*What to work on:* Set down the final stretch of the data, from the line that holds "Custom Everest I" through the last line, both included, with pictures left out.

*Stored data entries:*
^^^^^^^^

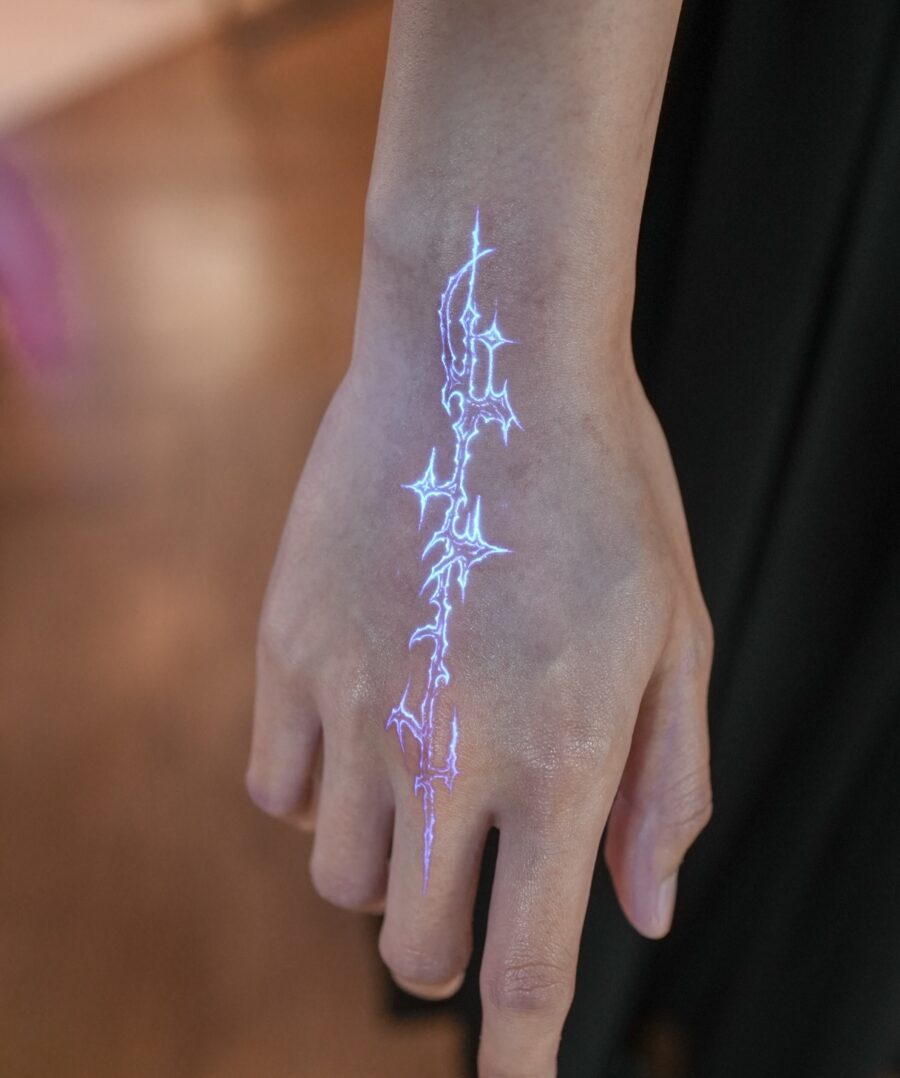 Electric blue hidden tattoo on hand Tattoo on skin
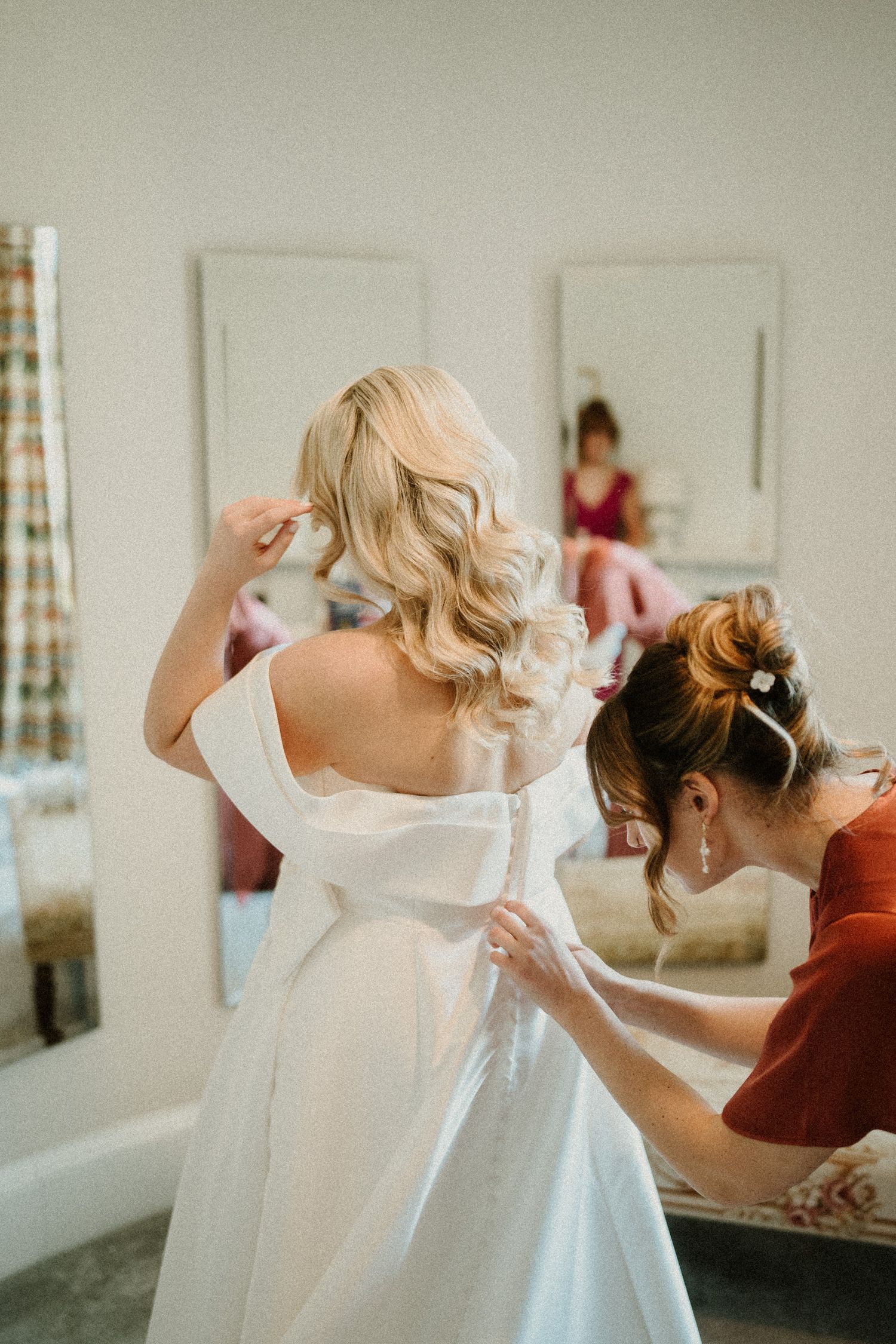 Wedding dress preparation scene showing final adjustments being made to a white gown.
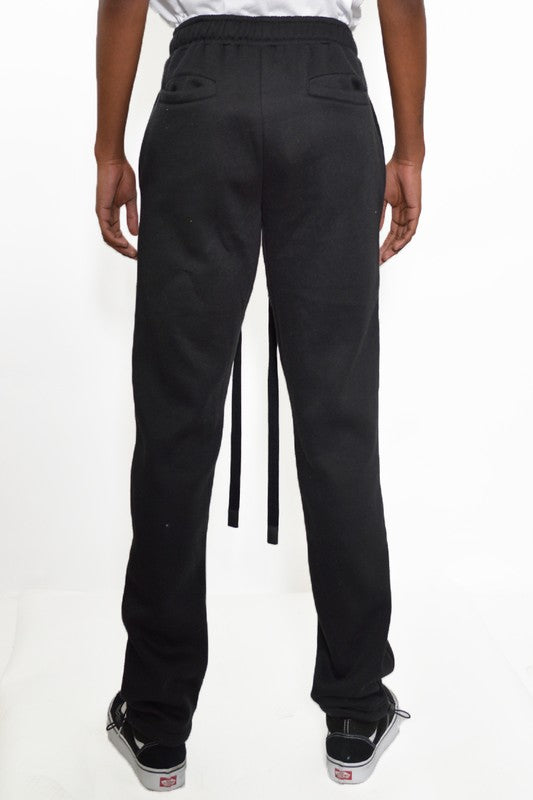 These sweatpants are your go-to for comfort that doesn’t quit. Crafted from thick, breathable cotton fleece, they deliver warmth without the bulk—perfect for chilly mornings, laid-back weekends, or post-workout recovery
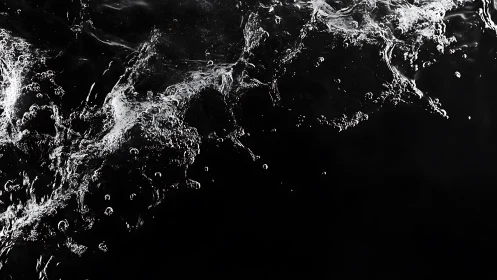 Shimmering water splash frozen against deep black void.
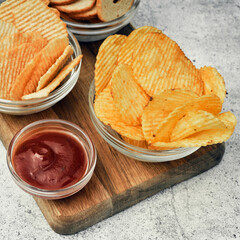 Chips, snacks and crackers on a wooden board. Fast food.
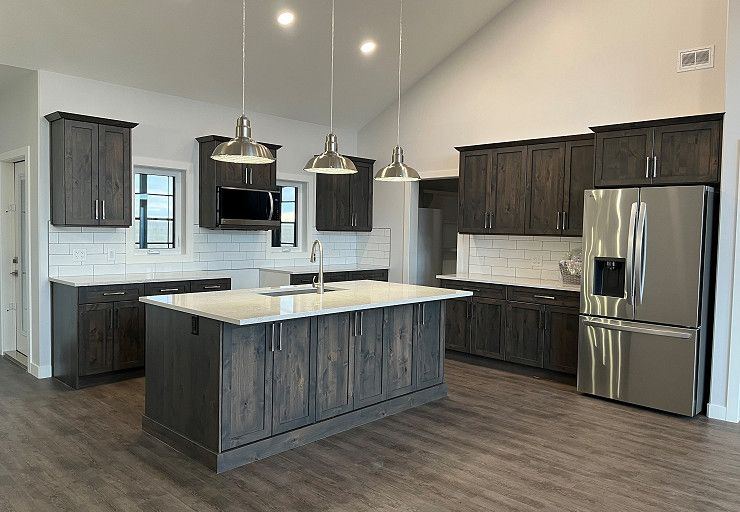 Custom Everest I Prairie Edition — dark wood kitchen with oversized island and vaulted ceiling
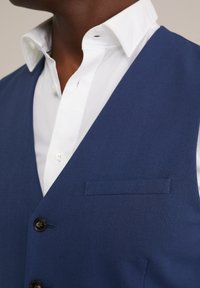 Námořnický modrý vest s hladkou texturou, vybavený klopou, dvěma knoflíky a jednou náprsní kapsou, nošený přes bílou košili s límečkem.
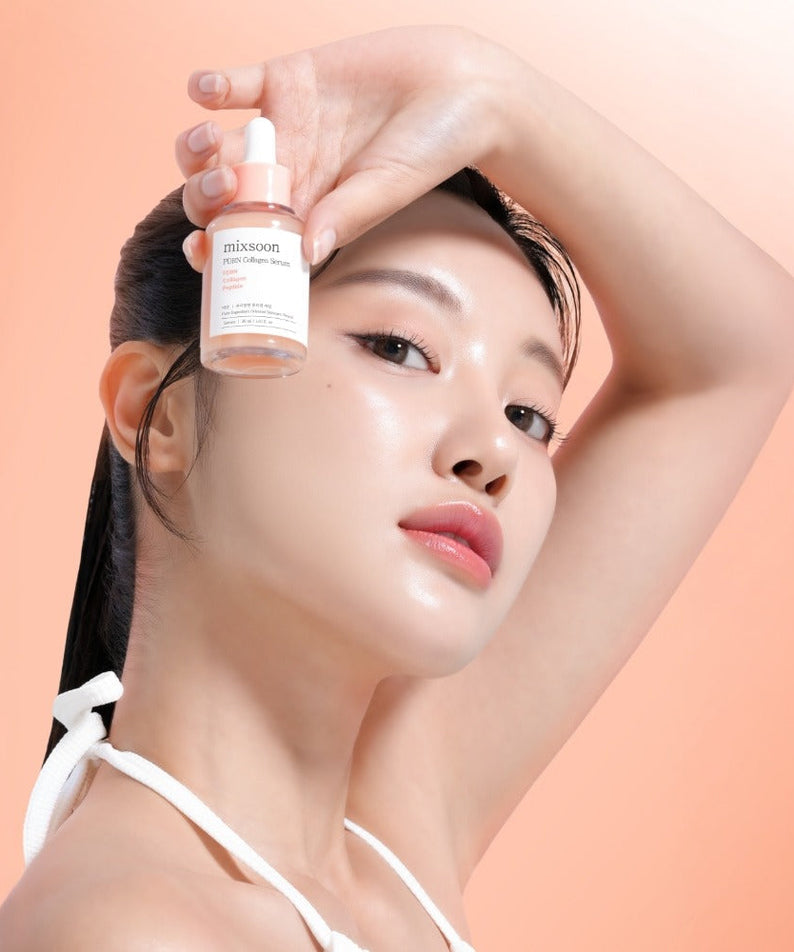 Woman holding bottle of MIXSOON PDRN Collagen Serum 30ml against an orange background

^^^^^^^^

*Task response:*
 Custom Everest I Prairie Edition — dark wood kitchen with oversized island and vaulted ceiling
 Námořnický modrý vest s hladkou texturou, vybavený klopou, dvěma knoflíky a jednou náprsní kapsou, nošený přes bílou košili s límečkem.
 Woman holding bottle of MIXSOON PDRN Collagen Serum 30ml against an orange background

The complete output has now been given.